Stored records
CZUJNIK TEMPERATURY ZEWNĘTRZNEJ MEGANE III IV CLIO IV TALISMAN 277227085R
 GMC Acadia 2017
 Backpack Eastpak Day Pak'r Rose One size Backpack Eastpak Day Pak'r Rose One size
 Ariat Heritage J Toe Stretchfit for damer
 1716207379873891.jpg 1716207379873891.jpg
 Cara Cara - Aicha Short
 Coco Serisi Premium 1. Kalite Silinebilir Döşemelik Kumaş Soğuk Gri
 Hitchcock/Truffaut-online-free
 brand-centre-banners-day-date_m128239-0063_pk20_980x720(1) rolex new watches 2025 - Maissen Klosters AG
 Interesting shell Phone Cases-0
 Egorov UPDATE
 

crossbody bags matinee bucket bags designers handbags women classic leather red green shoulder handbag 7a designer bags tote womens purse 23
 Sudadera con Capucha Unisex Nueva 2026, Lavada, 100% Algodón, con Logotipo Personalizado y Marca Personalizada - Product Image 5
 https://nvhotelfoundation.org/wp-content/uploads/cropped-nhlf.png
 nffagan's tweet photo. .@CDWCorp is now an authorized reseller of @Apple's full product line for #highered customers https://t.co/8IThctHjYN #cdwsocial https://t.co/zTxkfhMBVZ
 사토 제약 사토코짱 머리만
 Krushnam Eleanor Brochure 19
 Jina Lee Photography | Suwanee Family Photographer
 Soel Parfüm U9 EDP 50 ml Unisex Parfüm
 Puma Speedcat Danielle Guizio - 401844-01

» **Work request**
List every line from the entries above in which "Unisex" appears.

» **Finished exercise**
 Sudadera con Capucha Unisex Nueva 2026, Lavada, 100% Algodón, con Logotipo Personalizado y Marca Personalizada - Product Image 5
 Soel Parfüm U9 EDP 50 ml Unisex Parfüm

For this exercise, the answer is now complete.